We’re peering at our screens in all sorts of places these days as working and learning remotely has us holed up with laptops in bedrooms, backyards and basements.

Moving out of properly-lit classrooms and offices – and away from ergonomically correct desks – can have long-term effects on our eyes, according to Dr. Alan Solinsky, an ophthalmologist with Hartford HealthCare.

“There are a variety of conditions working from home imposes on people that they might not otherwise face in an office or school setting,” he said. “In addition to less-than-ideal environments, people are spending more time on screens. Students doing remote learning, for example, spend all their educational time on them.”

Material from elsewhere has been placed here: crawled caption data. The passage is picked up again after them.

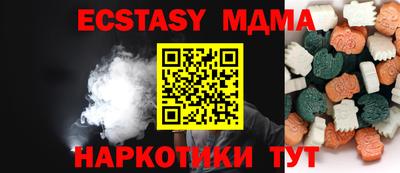 mix Славгород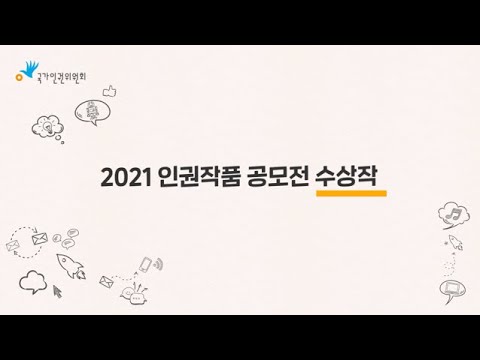 2021 인권작품공모전 포스터 수상작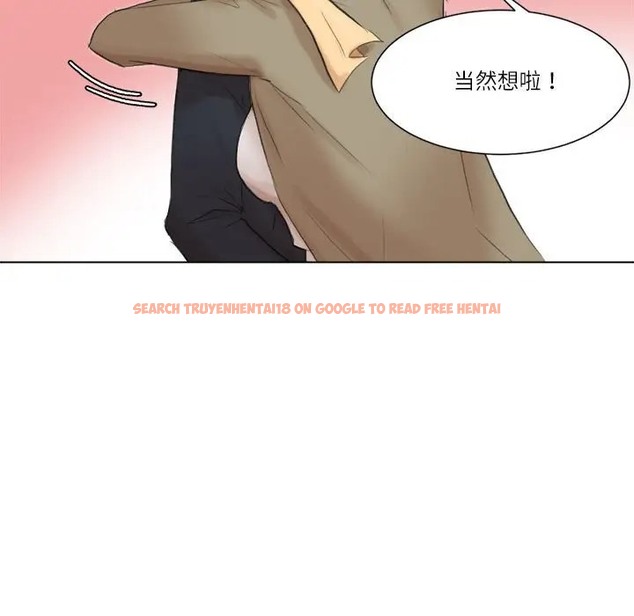 查看漫画愛上屬於別人的妳 - 第49話 - tymanga.com中的2036917图片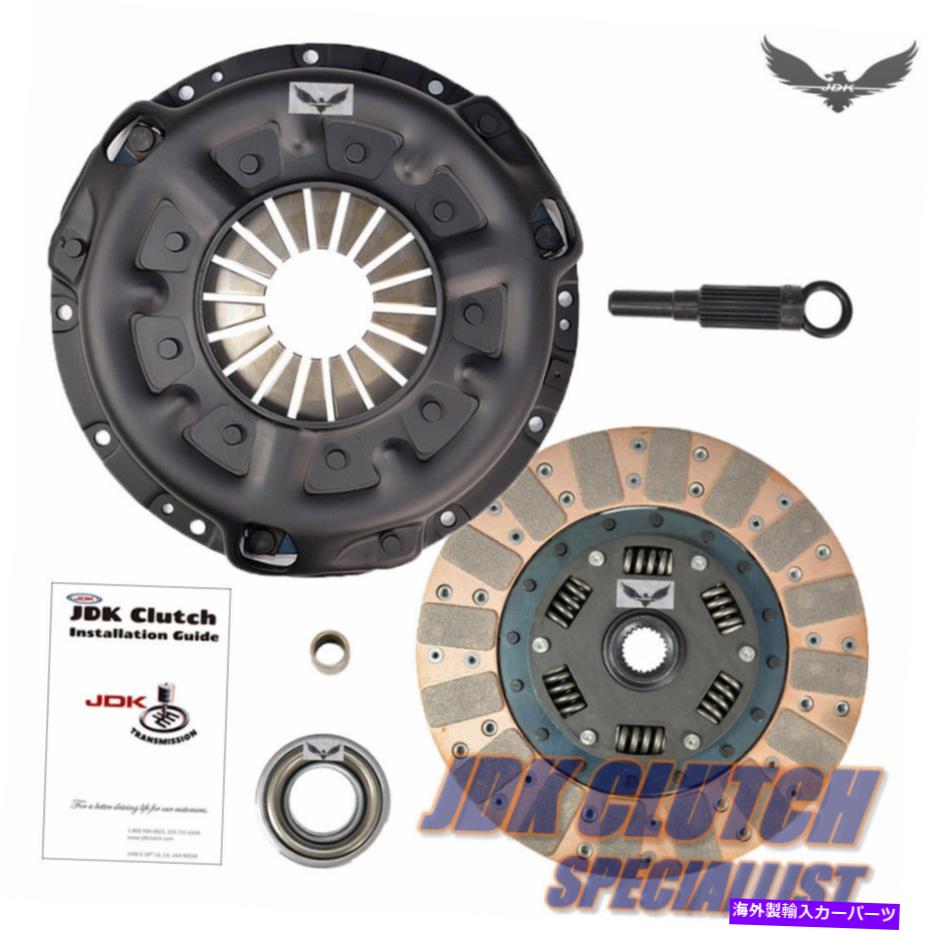 clutch kit JDKǥ奢ޥեꥯ󥯥ååȥեå90-96 300Zxĥ󥿡VG30DETT DOHC v6 JDK Dual Multi Friction Clutch kit FITS 90-96 300zx Twin Turbo VG30DETT DOHC V6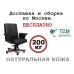 Кресло руководителя Split B Multi-office (натуральная кожа) низкая спинка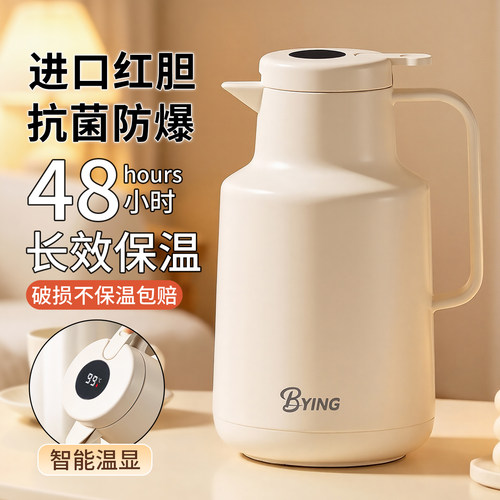 智能温显保温壶2026新款大容量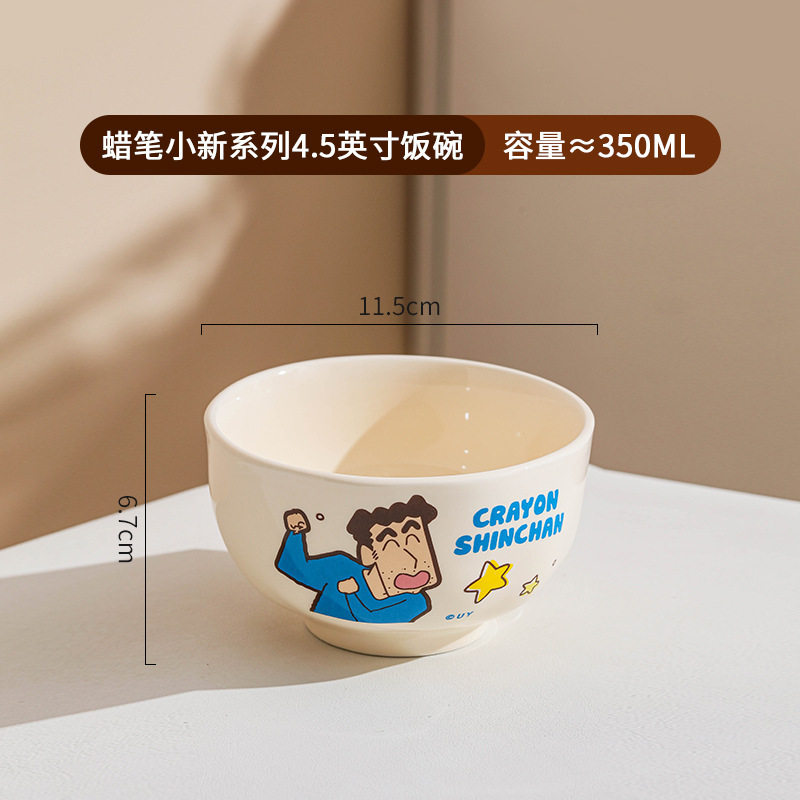 蜡笔小新陶瓷饭碗家用高颜值米饭碗可爱亲子系列卡通餐具碗礼品|undefined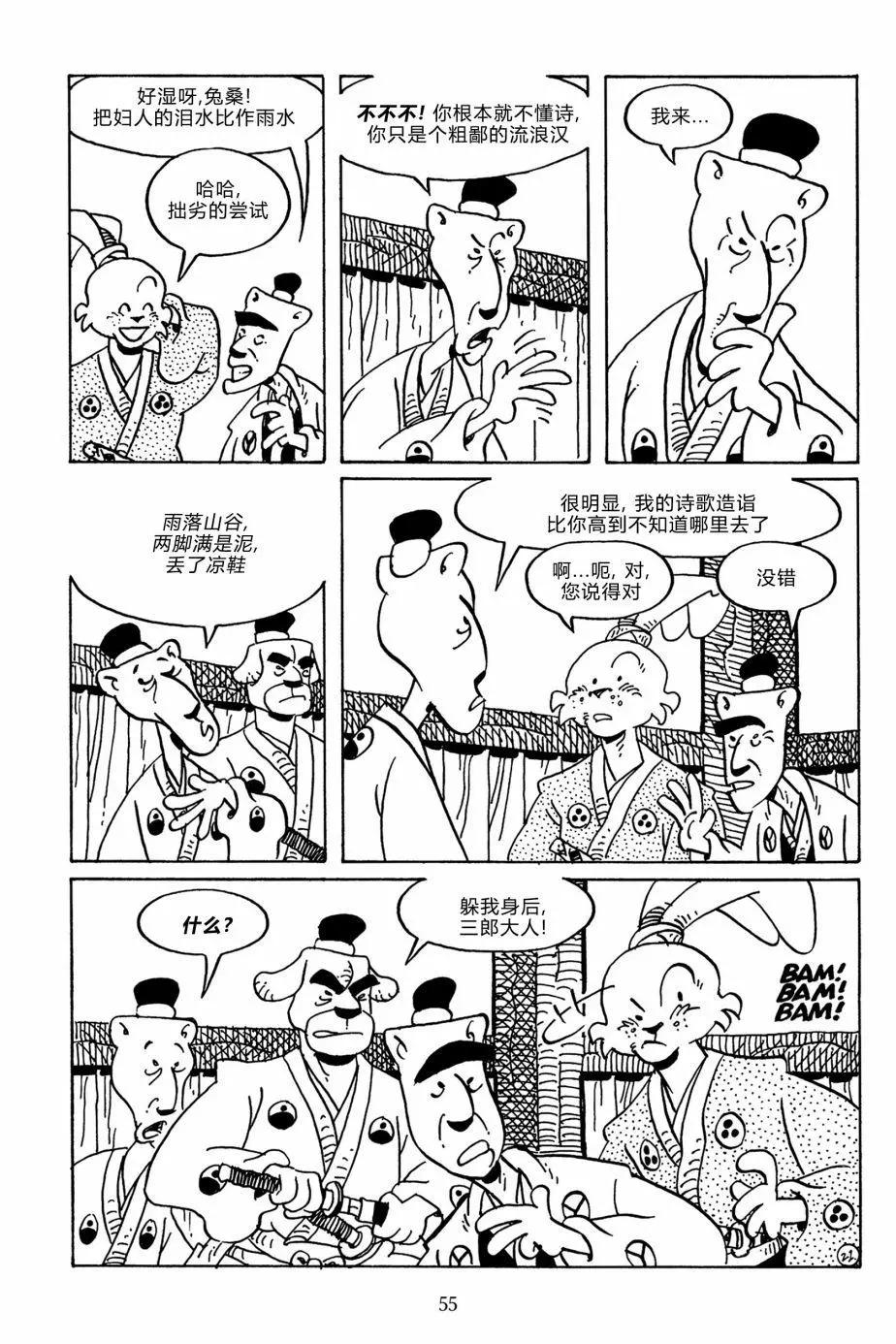 第 24 页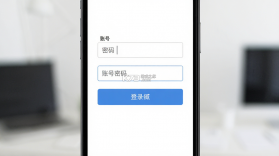 广洋租赁管理 v1.7.5 官方app下载安装 截图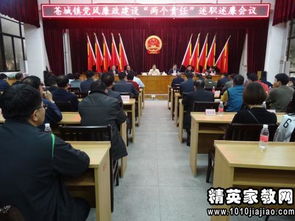 工程建設(shè)述職述廉報告范文(工程建設(shè)的述職述廉報告)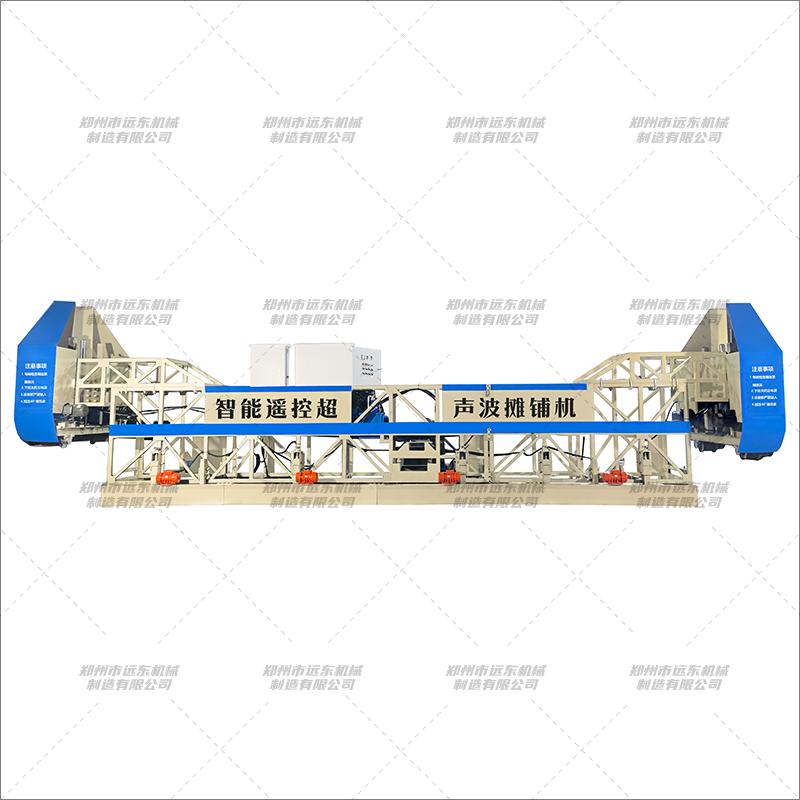 激光超聲波混凝土攤鋪機(圖5)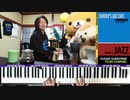 【かねこのジャズカフェ】#205「その10 〜70年代懐かしの歌謡曲特集 (Youtube配信アーカイブ)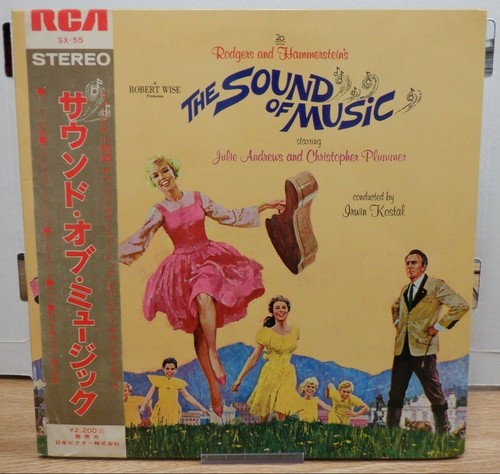 The sound music japanese - music,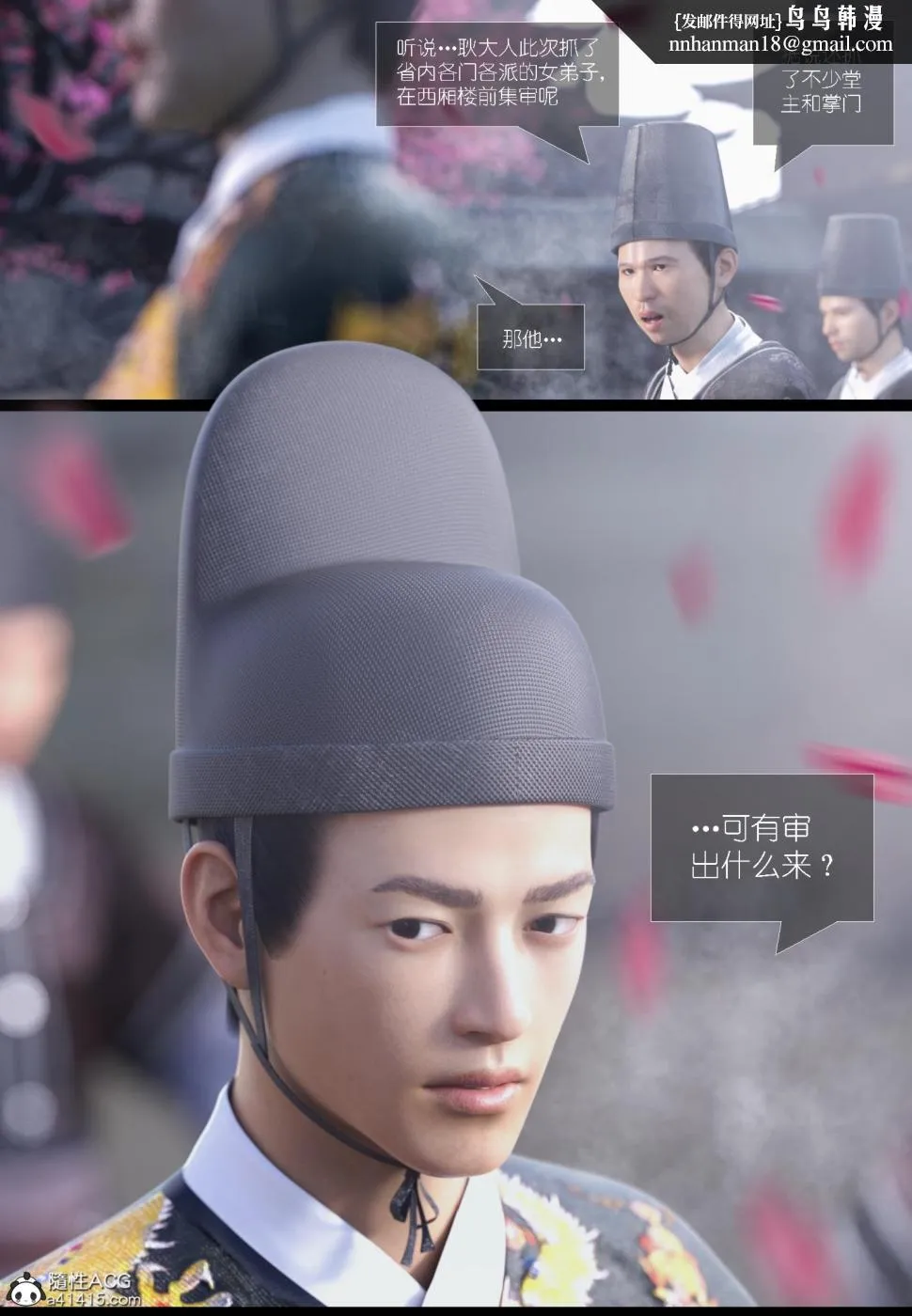 [3D]大明衙门 - 第6话 - page 10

Excessive time at a computer screen under the best conditions can lead to a form of eye strain called Computer Vision Syndrome, something that worries the American Optometric Association during the COVID-19 pandemic.

Symptoms include:

  • Headaches.
  • Blurred vision.
  • Dry eyes.
  • Neck and shoulder pain.

The Stanford Institute for Economic Policy Research says about 42 percent of Americans are now working from home and report spending more time than usual at a computer screen.

When we spend too much time on computer screens, two main eye systems – binocular vision and tear film – are affected. Binocular vision helps the eyes converge so you can see images and words on the screen. The tear film is a thin fluid layer covering the eye to protect it and maintain function. Blinking smooths the surface of the tear film.

“Increased use of electronic devices reduces the efficiency of our eye muscles, which means the eyes are less able to converge up close so we can see what’s on the screen,” said Dr. Solinsky. “In addition, because we blink less looking at screens, the tear film function is affected. The result is issues focusing and strain.”

These steps, he suggested, can help ease the screen time burden on the eyes:

  • Maintain proper distance. Screens should be an arm’s length from your eyes and positioned just below your natural line of sight. Looking slightly downward is easier on the eyes than up or straight at a screen, keeping your eyelid closed slightly to keep the eye from drying.
  • Sit up straight. Proper posture is important. Your back should be straight and your feet on the floor while you work. Elevate your wrists slightly instead of resting them on the keyboard.
  • Light up. A setting that’s too bright (sunny backyard) or too dim (cavernous basement) can cause eye strain and headaches. Your screen should be bright enough that you don’t need to squint. A screen shield can help reduce glare.
  • Take a break away from the screen. Experts suggest the 20-20-20 rule – every 20 minutes, focus your eyes and attention on something 20 feet away for 20 seconds. You can also get up and walk around for a few minutes.
  • Increase the font size. Don’t lean closer to the screen to read. A larger monitor might also help.
  • Take blink breaks. Blinking produces moisture that keeps eyes from drying out. Studies show that people working at a computer blink a third as often per minute as they should, which can cause eye dryness, irritation and reduced vision.